● WORK ITEM:
Reproduce only what runs from the line containing "兰州超脂塑形哪家医院实力好?时光、皙妍丽、韩美等五家值得信赖! 兰州超脂塑形哪家医院实力好?时光、皙妍丽、韩美等五家值得信赖!" to the line containing "Banda News |" in the records below, inclusive. Keep it exact, and keep the pictures out.

● SOURCE RECORDS:
____________
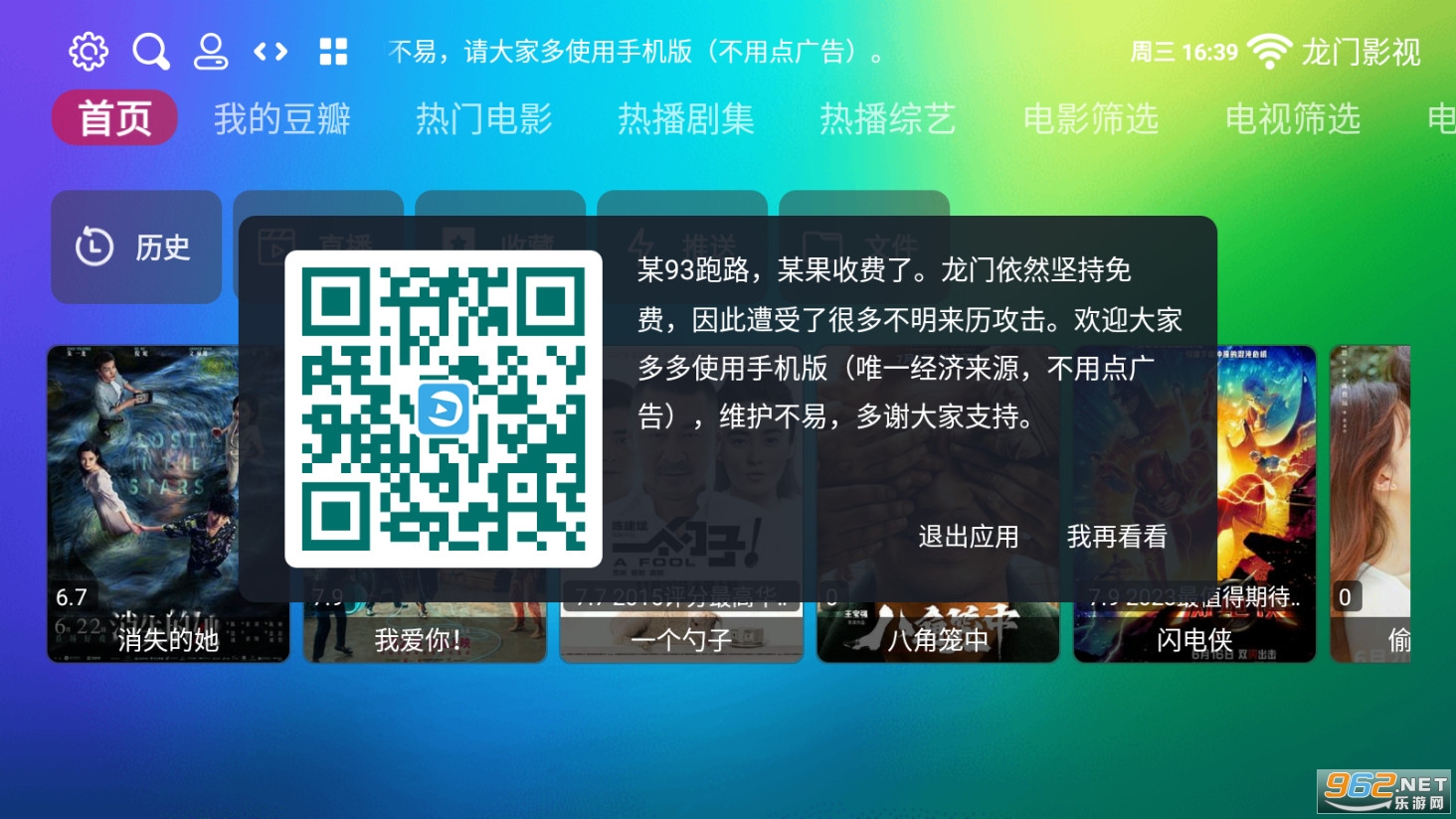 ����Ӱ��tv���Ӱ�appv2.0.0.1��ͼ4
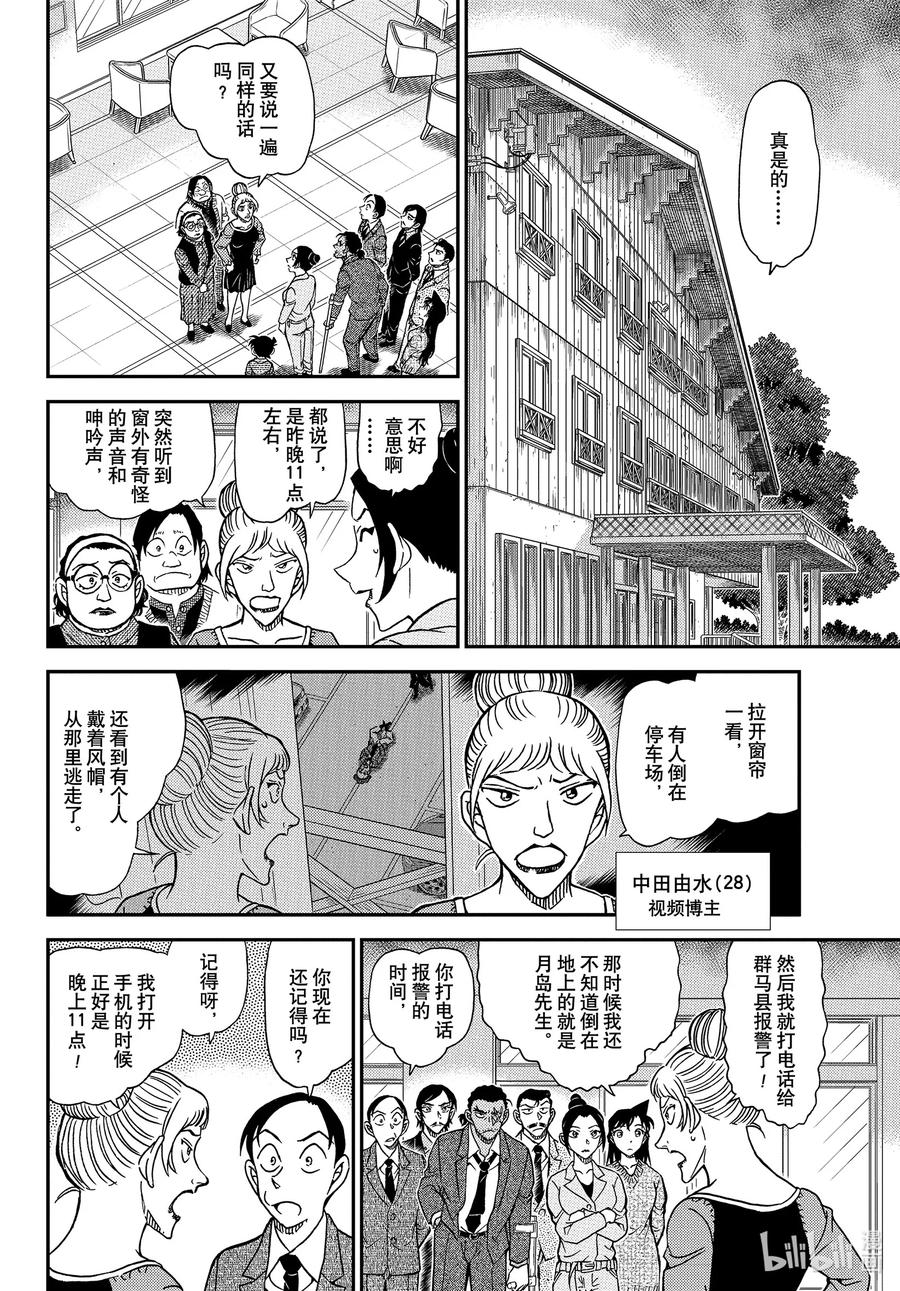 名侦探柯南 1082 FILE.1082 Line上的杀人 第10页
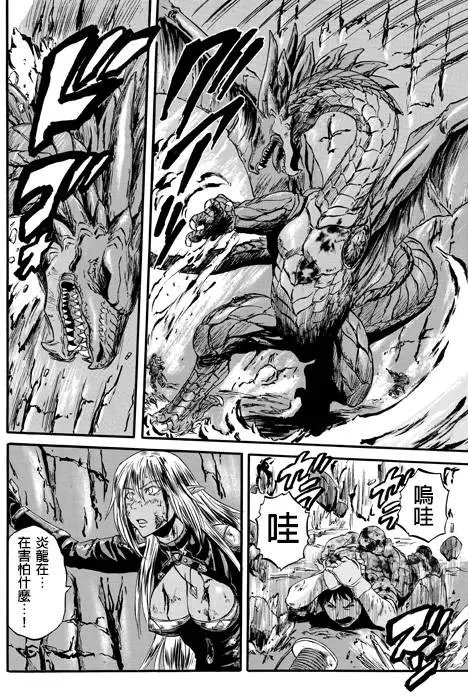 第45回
____________
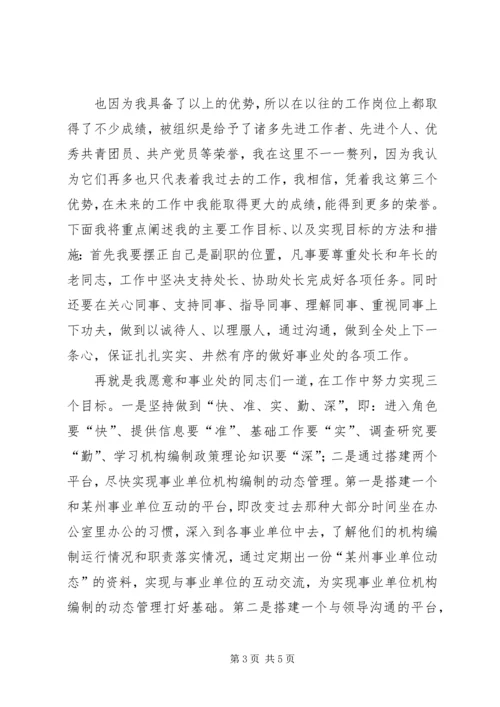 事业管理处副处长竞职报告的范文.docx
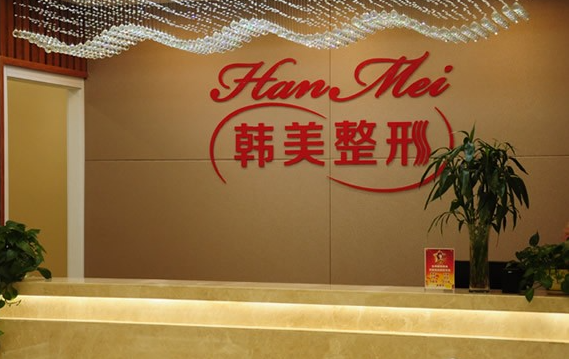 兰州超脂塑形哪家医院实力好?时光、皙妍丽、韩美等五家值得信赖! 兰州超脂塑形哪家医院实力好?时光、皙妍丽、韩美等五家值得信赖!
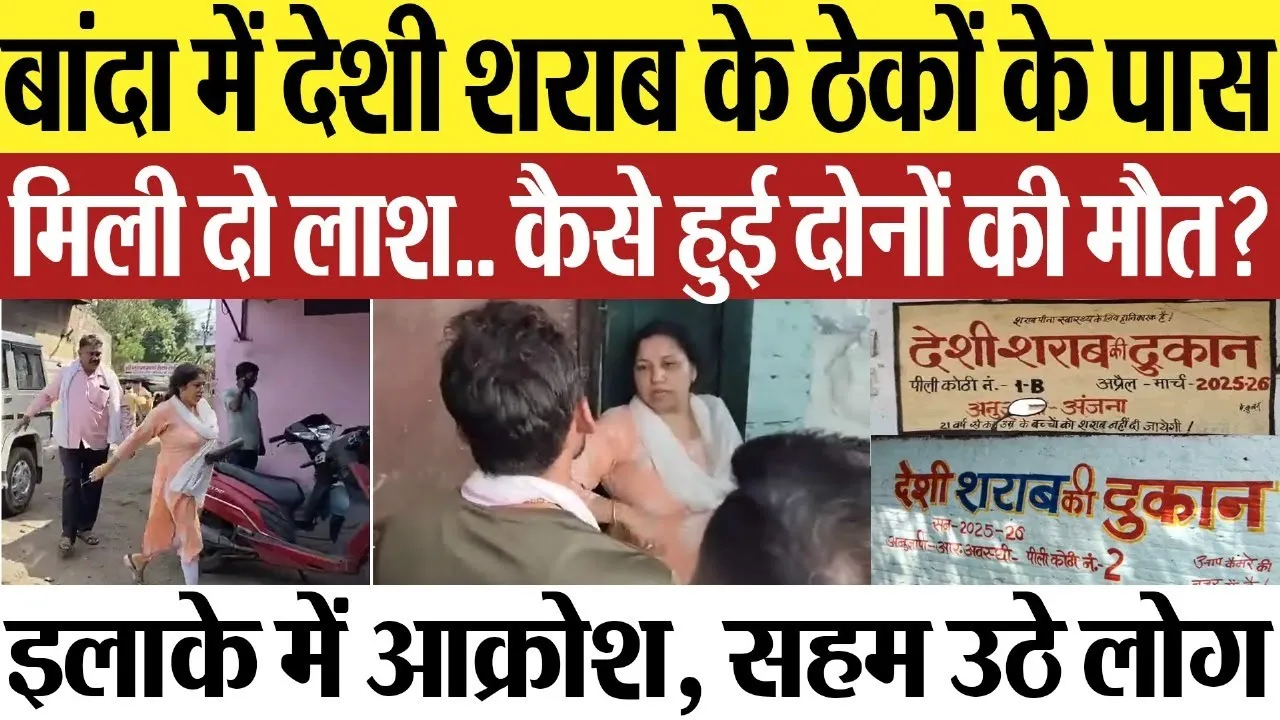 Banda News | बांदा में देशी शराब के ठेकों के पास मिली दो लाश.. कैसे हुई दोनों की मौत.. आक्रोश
____________
● REPLY TO THE TASK:
 兰州超脂塑形哪家医院实力好?时光、皙妍丽、韩美等五家值得信赖! 兰州超脂塑形哪家医院实力好?时光、皙妍丽、韩美等五家值得信赖!
 Banda News | बांदा में देशी शराब के ठेकों के पास मिली दो लाश.. कैसे हुई दोनों की मौत.. आक्रोश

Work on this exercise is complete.